ATLANTA — Editor's note: The video above is from an earlier story on the subject.
A federal appeals court is hearing arguments Tuesday on whether to shut down an independent arbiter's review of documents seized in an FBI search of former President Donald Trump's Florida home.
The Justice Department has asked the Atlanta-based U.S. Court of Appeals for the 11th Circuit to end the review process, saying the appointment of a so-called special master has unnecessarily delayed its investigation into the presence of classified documents at Mar-a-Lago. Lawyers for Trump want the special master's work to continue. Both sides will argue Tuesday before the appeals court.
It was not clear when the court might rule, but a victory for the Justice Department could speed its investigation along by giving prosecutors access to documents they say they need for their work.
The special master, a veteran Brooklyn judge named Raymond Dearie, was appointed in September at the Trump team's request. He was tasked with conducting an independent inspection of the roughly 13,000 documents seized in the Aug. 8 search and filtering out from the criminal investigation any that might be covered by claims of attorney-client privilege or executive privilege.
The Florida judge who appointed him, Aileen Cannon, had blocked federal prosecutors from using the seized records as part of their investigation during the course of Dearie's work. A three-judge panel of the appeals court later restored the Justice Department's access to the roughly 100 documents with classification markings, but prosecutors say they still want unfettered access to the much larger trove of unclassified records and have asked the court to end the process entirely.
Though the investigation is centered on the possible mishandling of classified records, the Justice Department says it also regards the unclassified documents recovered from Mar-a-Lago as relevant to the probe.

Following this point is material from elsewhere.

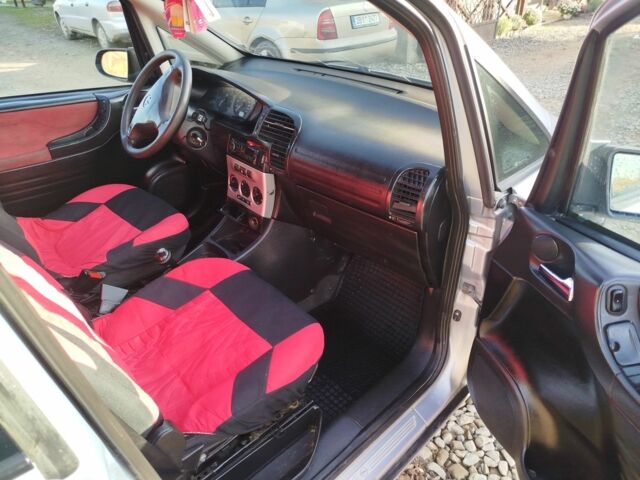 Серый Опель Зафира, объемом двигателя 2 л и пробегом 268 тыс. км за 2450 $, фото 6 на Automoto.ua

That's because personal records were commingled together with classified documents, which prosecutors say could provide evidence of ownership or possession.
In court papers, the Justice Department has said the only purpose for which it's been able to use the unclassified documents so far has been to engage in a “prolonged dispute” with the Trump team about their categorization.
The special master process has been playing out alongside an ongoing criminal investigation into the retention of the documents and possible obstruction.
Attorney General Merrick Garland last week named a veteran prosecutor, Jack Smith, to serve as special counsel and oversee the Mar-a-Lago investigation and key aspects of a separate probe into efforts to overturn the results of the 2020 presidential election.